C-nario supplies digital signage system for Inter Football Club museum in Brazil

C-nario has supplied its Messenger digital signage platform as the main engine behind the new multimedia displays at the museum of Brazil’s Sport Club Internacional (Inter), one of the country’s football teams.

The display was implemented by EAV – Engenharia Audiovisual, an engineering company located in Brazil, specialising in consulting, training, designing and integration of pro-av systems. The museum is located at Inter’s stadium in Porto Alegre, and attracts 1,500-2000 visitors every week.

Inter’s museum displays the club’s trophies, medals, documents, and photos, as well as other memorabilia and documents related to the club’s history. In addition, the museum shows data about each match played, with all the players’ names, goals, referees, etc.

The visual display includes two large LED screens at the entrance to the museum. These function as a sort of TV news channel of Sport Club Internacional, showing team matches and other sports activities, training sessions, facts related to soccer, and more.

A special section of the museum, called ‘Ser Gigante’ (To Be Giant), includes three large front projector screens presenting the club’s historic path, including major achievements. Another section, called ‘The Torch’, contains 36 TV screens displaying scenes from Inter’s matches, plus images that show teams, flags and fans. The Torch is actually a kaleidoscopic mosaic of moving images portraying scenes of the team.

A section called ‘The Arena’, equipped with two large screens, honors the players, and shows films and TV shows connected to Inter. Additional 58in TV screens (called ‘The Prisms’) display information about every player who has played with the team.

The ‘Fan’s Virtual Deck’, an interactive front projection large screen, enables fans to have their image inserted into a clip commemorating a goal on the screen. Fans are assembled in rows filled with other fans clips (up to 30-40 images together).
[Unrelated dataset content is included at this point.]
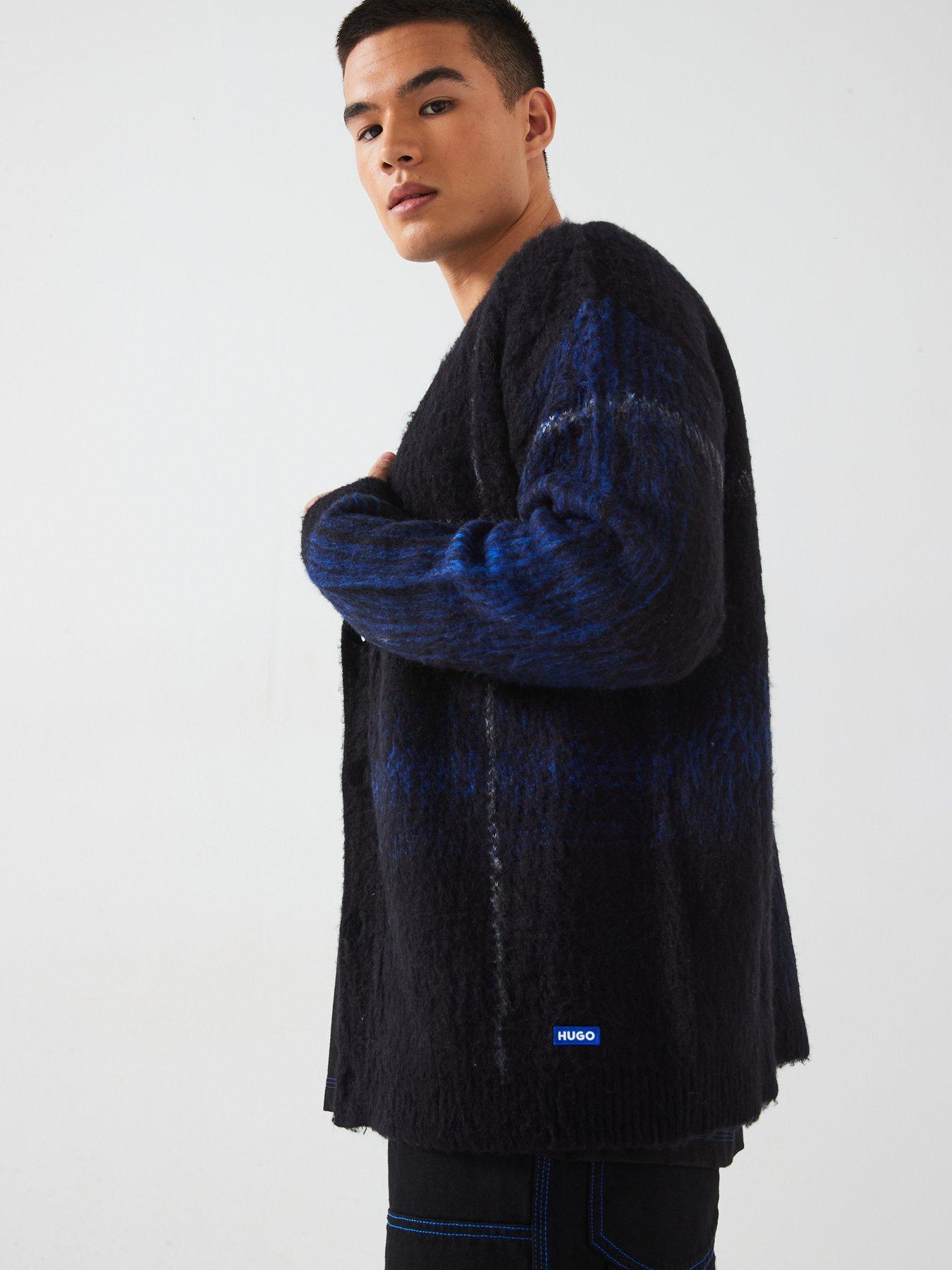 hugo-blue-soena-check-pattern-knitted-cardigan-blackoutfit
Floor projection (three connected projectors) shows images and clips of important matches, allowing visitors to even run on the screens. The visit ends in a section called ‘The Campaigns’, where trophies are displayed, and behind them large images are projected on the walls, showing matches and players.
Currently, the museum is developing a huge database called  ‘Tactics and History’ , which will be accessible through multi-touch screens. Visitors will be able to browse the database for matches, players, championships and even the history of soccer, using a three-dimensional interface.